United States District Court, E.D. Louisiana

December 29, 2014



DANIEL E. KNOWLES, III, District Judge.

Before the Court are four motions: (1) the Motion for Summary Judgment [Doc. #89] filed by defendant Magnolia Family Services, L.L.C. ("Magnolia" or "defendant"); (2) the Motion for Summary Judgment [Doc. #95] filed by plaintiff Anderson Wallace, Jr.; (3) the Motion to Suppress Defendant's Exhibit "A" as Evidence to Be Used for Summary Judgment [Doc. #102]; and (4) the Motion to Proffer the Recorded Deposition of Anderson Wallace, Jr. of September 25, 2014 as Evidence for Summary Judgment [Doc. #103]. All of the motions are opposed. Having reviewed the motions, the oppositions, and the case law, the Court rules as follows.

I. Background

Pro se plaintiff, Anderson Wallace, Jr., filed this complaint against his employer Magnolia, in which Terrebonne Parish School Board is an alleged stakeholder. Wallace works as a counselor for children with Attention Deficit Hyperactivity Disorder. Wallace is a recovering user of narcotics who has been drug-free for many years. Wallace alleges that Magnolia has an employment practice or policy that operates to exclude African-Americans with criminal backgrounds from continued employment with it. Wallace maintains that Magnolia wrongfully discharged him after he was charged in a domestic-violence incident that was subsequently refused by the Thirty-Second Judicial District Attorney's Office.

Wallace now sues defendant for race discrimination under Title VII of the Civil Rights Act of 1964, 42 U.S.C. § 2000e et seq. (a disparate-impact claim). Wallace also sued under the Americans with Disabilities Act ("ADA") because Magnolia allegedly factored his past drug use into his discharge. He also sued under Louisiana Civil Code article 2315. Magistrate Judge Wilkinson dismissed these last two claims for failure to exhaust and failure to amend, respectively.[1] Thus, the only claim that remains is Wallace's disparate-impact claim.

II. The Motion to Suppress

Wallace seeks to suppress (strike) Exhibit "A" to Magnolia's motion for summary judgment.

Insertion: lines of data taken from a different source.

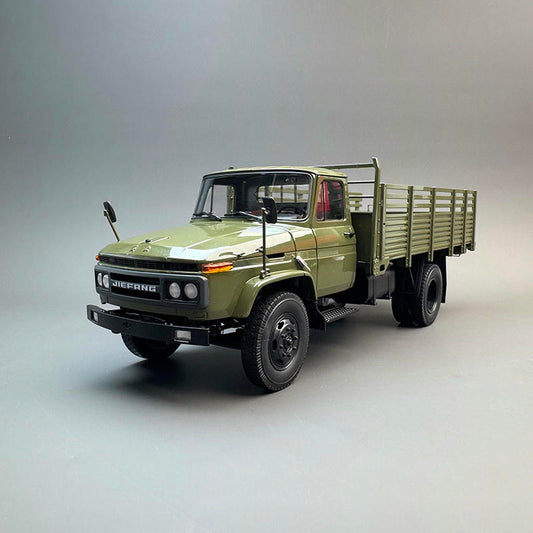 Century Dragon 1:24 Jiefang CA141 Diecast Truck Model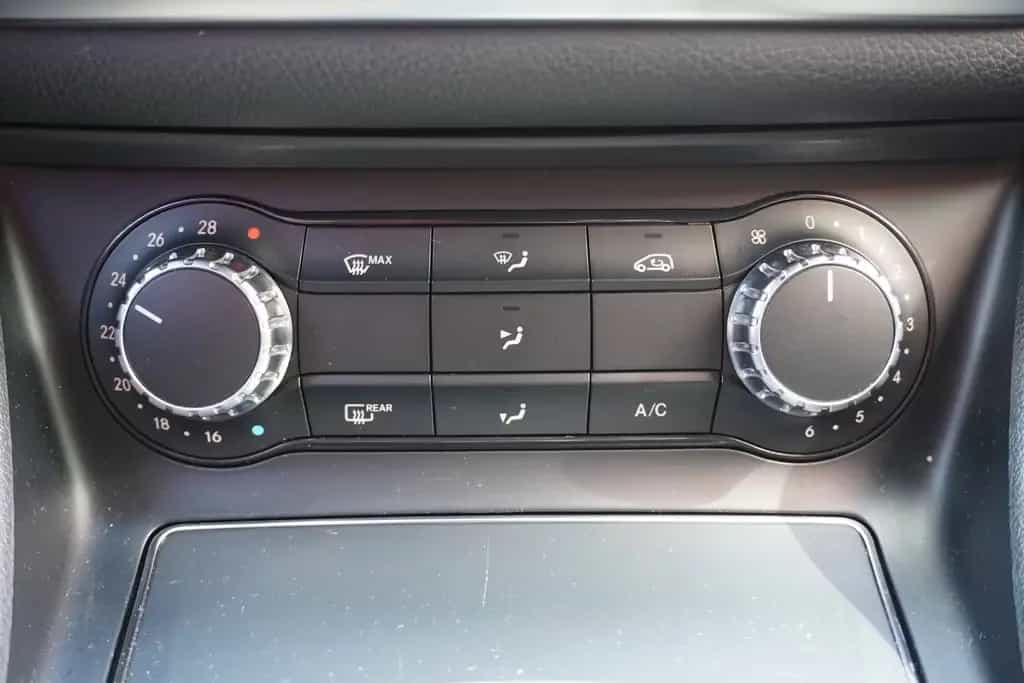 Mercedes-Benz CLA 200 AMG Line LED Sportsitze Leder Navi AHK 09/2018-photo-20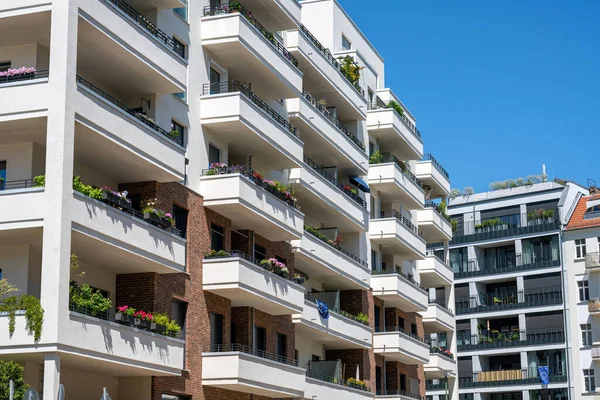 Büyük Balkonları Olan Modern Bir Apartmanın Cephesi — Stok fotoğraf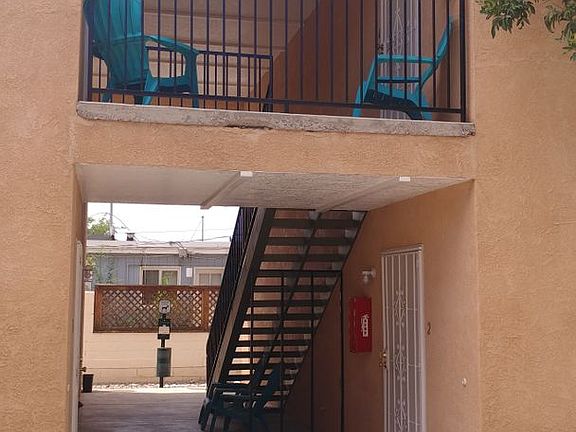 5th image of 1017 Alvarado Dr SE APT 1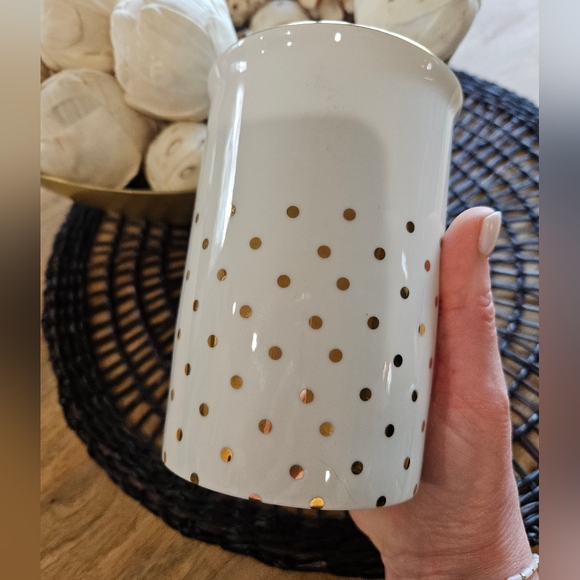 Elegant White and Gold Polka Dot Vase - Picture 8 of 11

Exhibit "A" consists of excerpts from Wallace's September 25, 2014 deposition. Wallace seeks to strike the evidence because Magnolia failed to include the witness certificate and errata sheet that he signed. Wallace made two corrections to his deposition, none of which is on a page that Magnolia cited to in its Exhibit "A." The innocuous changes that Wallace made thus have no bearing on this Court's consideration of the motions for summary judgment. The motion [Doc. #102] is therefore denied.

III. The Motion to Proffer

Wallace recorded his own deposition on September 25, 2014 and seeks to proffer the entire deposition as support for his motion for summary judgment. Magnolia opposes the motion on the ground that a private recording is not authenticated.

It is well-settled that "[t]o be admissible [as summary judgment evidence], documents must be authenticated by and attached to an affidavit that meets the requirements of [Federal Rule of Civil Procedure] 56(e) and the affiant must be a person through whom the exhibits could be admitted into evidence." 10A Charles Alan Wright, et al., Federal Practice and Procedure § 2722, at 59-60 (3d ed. 2007) (footnotes omitted). A document that lacks a proper foundation to authenticate it can not be used to support a motion for summary judgment." Hal Roach Studios, Inc. v. Richard Feiner and Co., Inc., 896 F.2d 1542 (9th Cir. 1989). When offered at summary judgment, deposition excerpts must identify the names of the deponent and the action and must include the reporter's certification that the deposition is a true record of the testimony of the deponent. Chao v. Westside Drywall, Inc., 709 F.Supp.2d 1037, 1051 (D. Or. 2010) (citing Orr v. Bank of America, NY & SA, 285 F.3d 764, 774 (9th Cir. 2002). There is no authentication of Wallace's private recording of his deposition. Accordingly, the motion is denied.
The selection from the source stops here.